**Work instructions**
Copy down every line of the data that follows exactly. Omit the pictures.

**Recorded data**
Start of Block

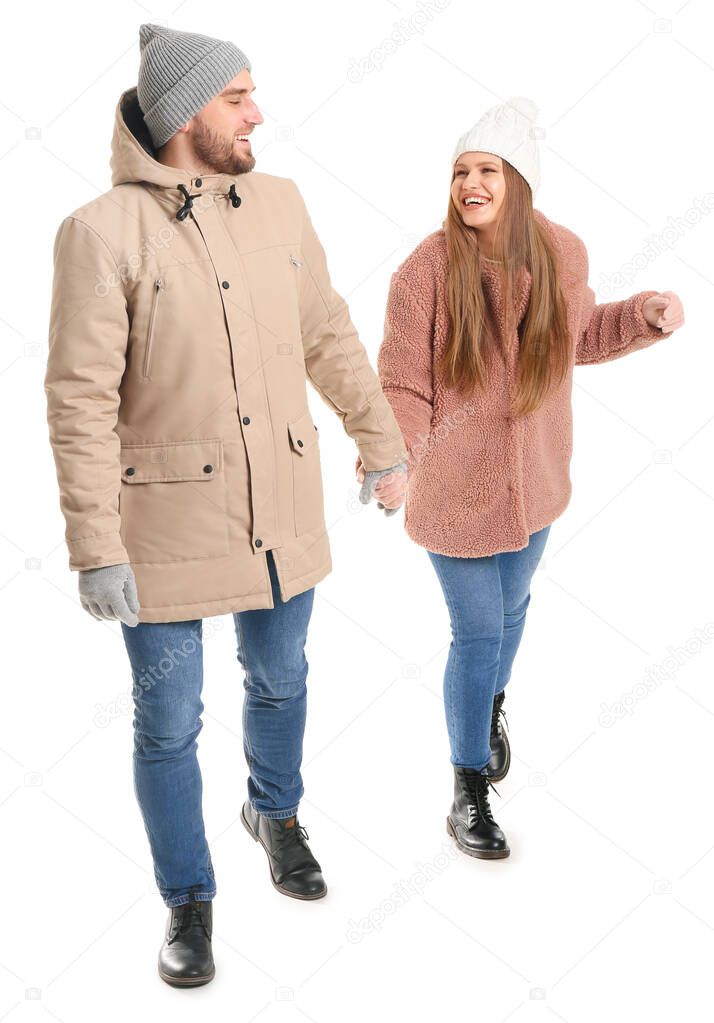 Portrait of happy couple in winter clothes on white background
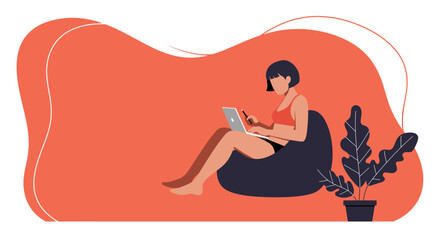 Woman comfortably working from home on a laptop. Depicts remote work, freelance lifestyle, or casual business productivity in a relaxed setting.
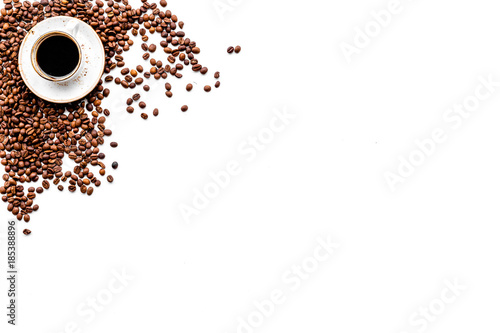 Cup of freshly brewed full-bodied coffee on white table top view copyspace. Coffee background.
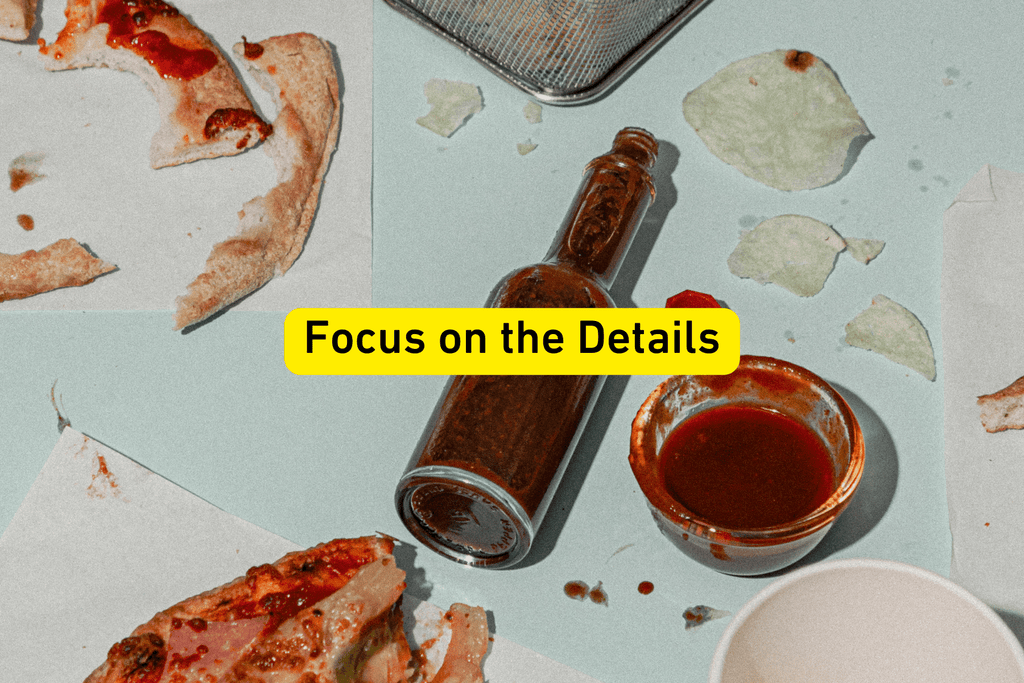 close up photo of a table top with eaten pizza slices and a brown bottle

End of Block

**Written reply**
 Portrait of happy couple in winter clothes on white background
 Woman comfortably working from home on a laptop. Depicts remote work, freelance lifestyle, or casual business productivity in a relaxed setting.
 Cup of freshly brewed full-bodied coffee on white table top view copyspace. Coffee background.
 close up photo of a table top with eaten pizza slices and a brown bottle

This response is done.